Guest post by Noni Byrnes, Director of the NIH Center for Scientific Review (CSR), originally released on the Review Matters blog
On March 1, NIH Director Francis Collins announced NIH’s broad-based initiative, UNITE, to end structural racism and racial inequities in biomedical science. This is a recognition of the need for urgent, sustained effort on many fronts across the research enterprise, including in all parts of the NIH’s extramural processes, to change culture. While the NIH Institutes and Centers will examine their programmatic priorities and discretionary funding practices, here at CSR, we are committed to pushing ahead with efforts to protect the peer review process from the systemic biases that exist in all areas of the scientific community.
In the June 2020 Review Matters blog, I wrote about some of the steps that CSR is taking to address individual and systemic biases in peer review. Following that, in July 2020, we held three community listening sessions, in which we heard the rightful anger and the call for urgent and specific action around the persistent funding disparity for Black investigators. I shared the report and recommendations from those forums with NIH leadership, with the UNITE E group that is focused on extramural changes, as well as with our own CSR Advisory Council. Since then, I have held a number of individual and small group conversations with investigators, who shared their personal experiences of bias as an applicant or reviewer, which has helped us further refine the strategies we were already pursuing, as well as develop some new approaches. Below are a few of the actions we are taking:
- Reporting: Many of you asked for a way to report concerns regarding bias in the peer review process directly to CSR management. Our Associate Director for Diversity & Workforce Development, Dr. Gabriel Fosu, will serve as a reporting avenue for any concerns around fairness in review. Dr. Fosu reports directly to me and I will see all reports. Beginning on March 15, all CSR scientific review officers (SROs) and staff will provide this information in their email signature lines. To report concerns around fairness in review: G.Fosu_AssocDir@csr.nih.gov.
- “Bias awareness in review” training for SROs, Reviewers, Chairs: Despite a brief interruption due to an executive order that has since been rescinded, we are forging ahead with the development of an interactive training module on bias. It will include a range of nuanced case studies to raise awareness of potential biases and mitigation strategies and tools for bystanders. We plan to launch the training for all CSR reviewers, chairs and SROs in August 2021.
- Diversifying and broadening the pool of reviewers: Through repeated multi-pronged communication efforts, CSR leadership has made our expectation and commitment to improving demographic diversity in special emphasis and chartered panels clear to staff. We have posted data on reviewer demographics and those data will be updated regularly. CSR is working hard to expand the pool of well-qualified reviewers and to build tools to help our SROs identify new scientists to bring to NIH review.

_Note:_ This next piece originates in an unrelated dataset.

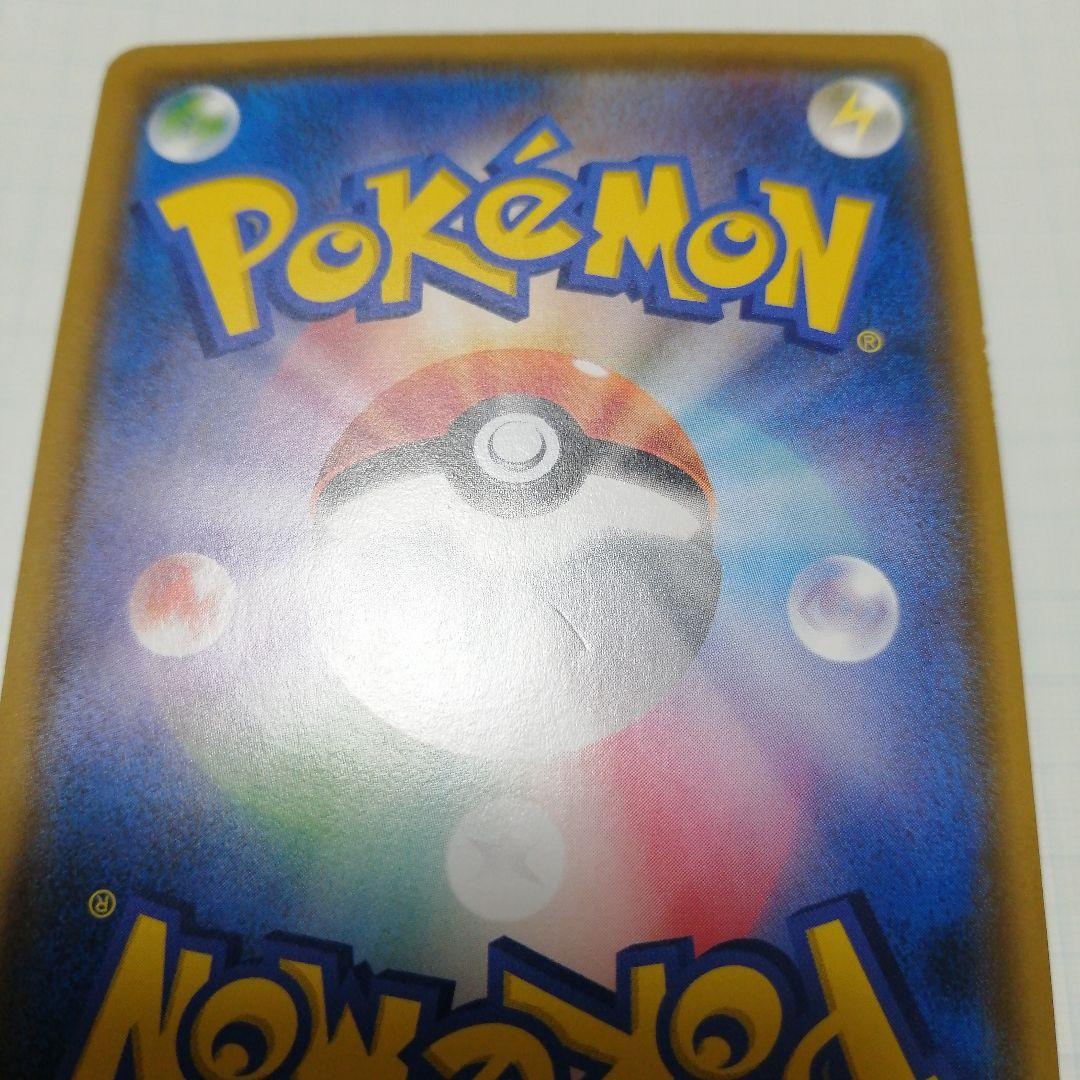 ポケモンカード　モクロー　ムンク　プロモ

- Decoupling the science from the investigator/environment: The systemic advantages of reputation, network and pedigree are deeply entrenched in the culture of the biomedical research enterprise, and rarely benefit minorities and women, who are less likely to be part of these networks. The peer review system is certainly not immune from this systemic bias. In an effort to address the effect of these positive biases on the evaluation of scientific merit, CSR is investigating the use of blinded review processes. In collaboration with the NIH Common Fund, CSR is now conducting a pilot of a multi-stage, partial double-blinded review tR01 applications (April 2021 review). In addition, a Working Group of the CSR Advisory Council is spearheading efforts to simplify peer review criteria, recommending a decoupling of the science from the investigator/environment criteria, opening the door for a first-stage review of the science without knowledge of the investigator or institution.
Culture change is never easy, and I expect that there will be resistance from some who have benefited from the status quo. Together with all of CSR’s senior management, I stand with the NIH Director and leadership as we commit to making the changes that are long overdue.